The Harvard Corporate Governance Forum’s contemporaneous analysis walks through the reasoning, and the takeaway for deal lawyers is that a court applying ordinary contract-interpretation principles to the standard interim covenant language will not credit a seller’s argument that “the customer asked their lawyer to amend the contract” is itself ordinary course. The asks come in ordinarily enough — but acceding to them is not ordinary. Acceding to them in the way an unhurried seller would accede to them, after a longer negotiation and with a different counter-position, is the comparator the covenant points to. The covenant does not say “ordinary course for a seller under deal pressure.” It says “ordinary course.”
What that means in operating terms is that the seller who signs a material contract amendment without buyer consent during the interim period is taking on real breach risk. The buyer may not walk — most buyers are too far along the runway to want to walk — but the buyer now has leverage. The standard repricing of that leverage is a purchase-price adjustment, an enhanced indemnity, or a new closing condition, and the same dynamic shows up in the way interim-breach exclusions get negotiated in rep & warranty insurance. Founders who do not understand the covenant tend to find out that they have given the buyer a free option to repaper terms that were closed at signing — including, in Delaware, under the anti-sandbagging default that lets a buyer enforce breaches it knew about.
The drafting fixes that actually move the needle
The covenant is not going away. No sophisticated buyer signs a definitive agreement without it, and the buy-side counsel who tried to give it up would be doing the buyer a disservice. But there are three drafting moves that change the practical operation of the covenant substantially, and the seller-side negotiation belongs in the term sheet, not in the agreement turns.
First, scope the material contracts list to revenue or spend thresholds that actually reflect commercial significance. The standard buyer ask is “all contracts not in the ordinary course” plus a dollar threshold of $250,000. The seller-side push is for a higher threshold and the deletion of the not-ordinary-course catch-all. A material contracts list of fifteen instead of fifty changes the daily operation of the covenant materially, because most customer-amendment asks come from second-tier accounts that the seller will be running through the buyer consent process week after week. The seller-friendly versus buyer-friendly framing applies to the schedule, not just the covenant itself, and it interacts directly with how the rep & warranty insurance program will treat interim-period activity.
Second, push the “in any material respect” qualifier into the restricted action. The covenant should restrain amendments “in any material respect,” not all amendments. A pricing-trivial amendment to update the bill-to address should not require buyer consent. A change-of-control amendment to a top-ten customer plainly should.

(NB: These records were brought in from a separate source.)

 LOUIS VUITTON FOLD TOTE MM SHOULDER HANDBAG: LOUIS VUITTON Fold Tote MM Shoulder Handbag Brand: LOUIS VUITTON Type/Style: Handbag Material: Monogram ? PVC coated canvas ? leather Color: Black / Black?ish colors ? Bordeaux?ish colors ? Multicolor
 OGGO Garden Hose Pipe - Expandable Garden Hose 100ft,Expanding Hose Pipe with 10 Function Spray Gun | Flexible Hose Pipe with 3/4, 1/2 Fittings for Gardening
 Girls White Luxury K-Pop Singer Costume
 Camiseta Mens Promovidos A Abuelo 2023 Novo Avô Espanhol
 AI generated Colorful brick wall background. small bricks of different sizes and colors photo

The qualifier is what distinguishes ministerial activity from substantive activity, and a seller without it ends up routing notarial-grade paperwork through the buyer’s office during a period when the buyer’s deal team is bandwidth-constrained.
Third, build in a specific consent standard. “Such consent not to be unreasonably withheld, conditioned, or delayed” is the baseline; a seller with leverage should push for an outside response window (five business days, ten business days, deemed consent if no response) and for a specific carve-out permitting amendments that are reactive to customer-initiated change-of-control termination notices. The carve-out is the cleanest fix for the founder’s problem in the opening of this post: if the customer initiates a change-of-control conversation under an existing termination right, the seller has a defined safe harbor to respond.

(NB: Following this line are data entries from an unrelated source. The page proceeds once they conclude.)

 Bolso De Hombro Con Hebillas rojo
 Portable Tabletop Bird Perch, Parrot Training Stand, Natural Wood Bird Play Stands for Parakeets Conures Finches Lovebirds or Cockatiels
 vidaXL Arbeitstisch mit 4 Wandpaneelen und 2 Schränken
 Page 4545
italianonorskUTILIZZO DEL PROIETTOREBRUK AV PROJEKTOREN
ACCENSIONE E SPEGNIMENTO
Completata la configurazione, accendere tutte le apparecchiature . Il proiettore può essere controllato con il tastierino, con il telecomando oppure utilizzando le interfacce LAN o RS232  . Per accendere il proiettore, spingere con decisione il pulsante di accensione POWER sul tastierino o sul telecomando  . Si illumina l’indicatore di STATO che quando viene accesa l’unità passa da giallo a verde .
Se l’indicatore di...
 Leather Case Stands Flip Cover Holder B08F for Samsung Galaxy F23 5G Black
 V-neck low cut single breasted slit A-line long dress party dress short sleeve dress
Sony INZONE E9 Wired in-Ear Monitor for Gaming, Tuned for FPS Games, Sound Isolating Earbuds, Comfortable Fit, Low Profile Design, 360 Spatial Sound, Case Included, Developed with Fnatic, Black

What sellers should do in the room, not on the page
The drafting fixes only get the seller part of the way. The other part is operational and it belongs in the deal-team kickoff conversation with the buyer’s M&A counterparts during the first week after signing. The seller should disclose, at signing, the list of customers and suppliers the seller realistically expects to ask for amendments during the interim period. The disclosure puts the buyer on notice, ratchets down later arguments about “ordinary course” comparators, and gives the buyer a chance to pre-approve a consent posture for the accounts the seller can name. Buyers appreciate this. Buyers’ deal teams hate surprises during the interim period and would generally rather work out a defined consent matrix at the start.
The seller should also propose a standing weekly call between sell-side legal and buy-side legal during the interim period to clear consent items at a defined cadence. The call is mundane. Five minutes, agenda emailed Monday, items resolved Wednesday. It avoids the situation in which a seller is sitting on a customer’s open amendment ask for two weeks while waiting for buyer-side response, with the customer growing colder by the day.

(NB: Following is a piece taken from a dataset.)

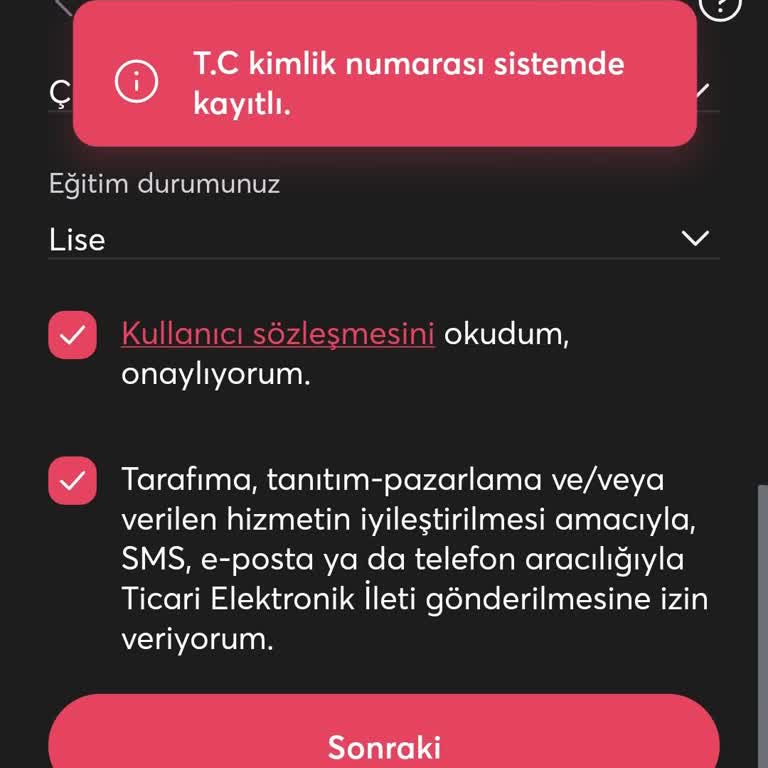 İninal Kart Bu T. C. Zaten Kullanılıyor Hatası Veriyor Yeni Hesap Açamıyorum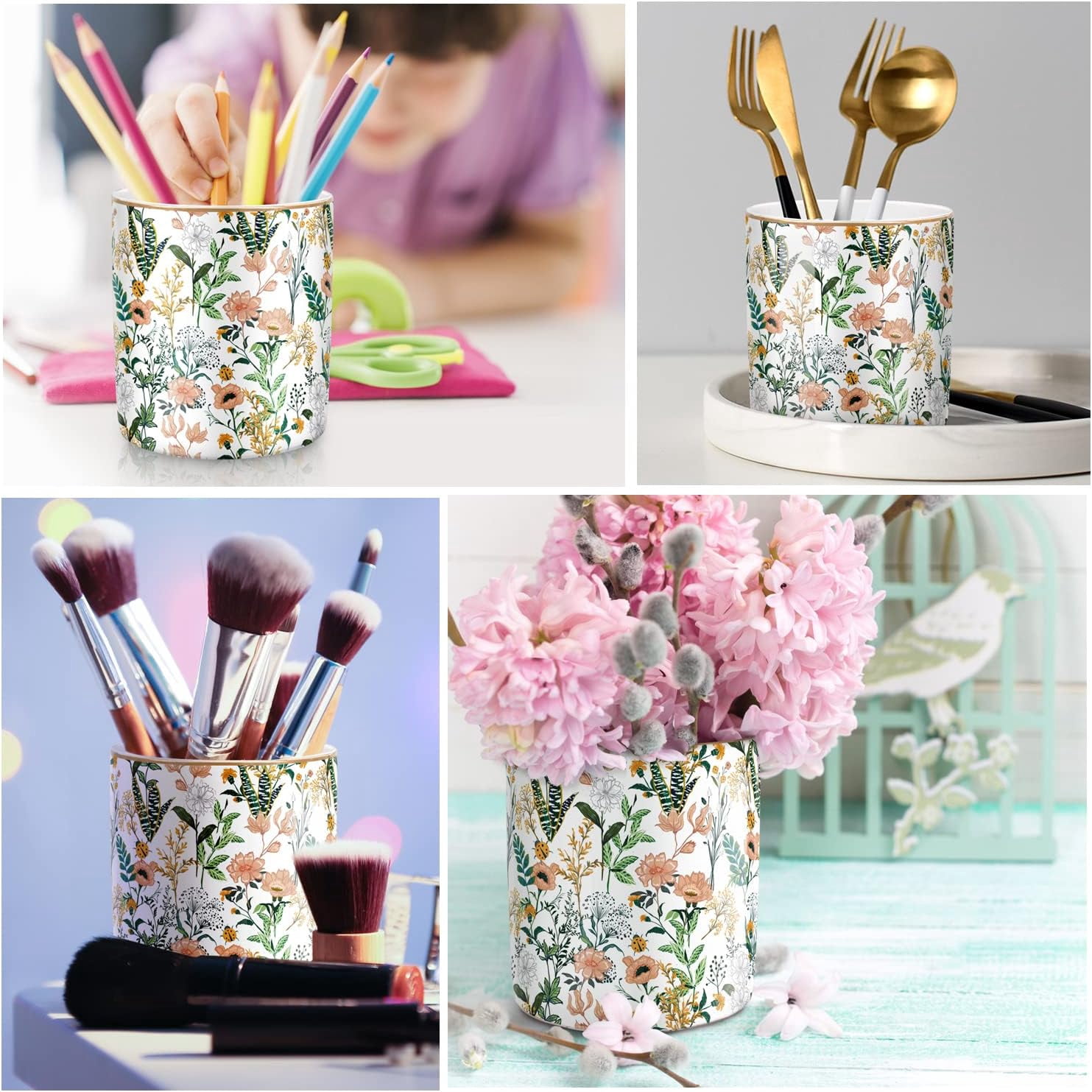 Large Capacity Colored Pen Holder for Desk, Ceramic Pencil Cup Marker Makeup Brush Holders, Desk Accessories & Workspace Organizers Home, Office, White Flower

And the seller should treat the material contracts covenant as one piece of a broader interim-period playbook. The M&A practice page and the founder M&A forms library are entry points for the more comprehensive framing, but the substantive point is that the merger agreement does not close the deal; it begins a ninety-to-one-hundred-eighty-day period of dual control during which the seller is operating the business as a fiduciary for the buyer’s economic interest. The covenant is the legal expression of that dual control. Sellers who understand it can use the interim period productively. Sellers who do not understand it tend to learn about it during a customer call they cannot finish without a phone call to their lawyer.
The honest summary
The material contracts covenant is not a routine clause. It is the buyer’s pre-closing veto over the seller’s most important commercial relationships, exercised at exactly the moment those relationships are under stress. The seller-side response is partly drafting — scope the list, scope the action, scope the consent — and partly operational, in the form of a defined consent process and a candid pre-disclosure of expected interim-period activity. Founders who walk into signing without thinking about the covenant tend to walk out of the interim period having quietly handed the buyer something the buyer did not pay for at the term-sheet table.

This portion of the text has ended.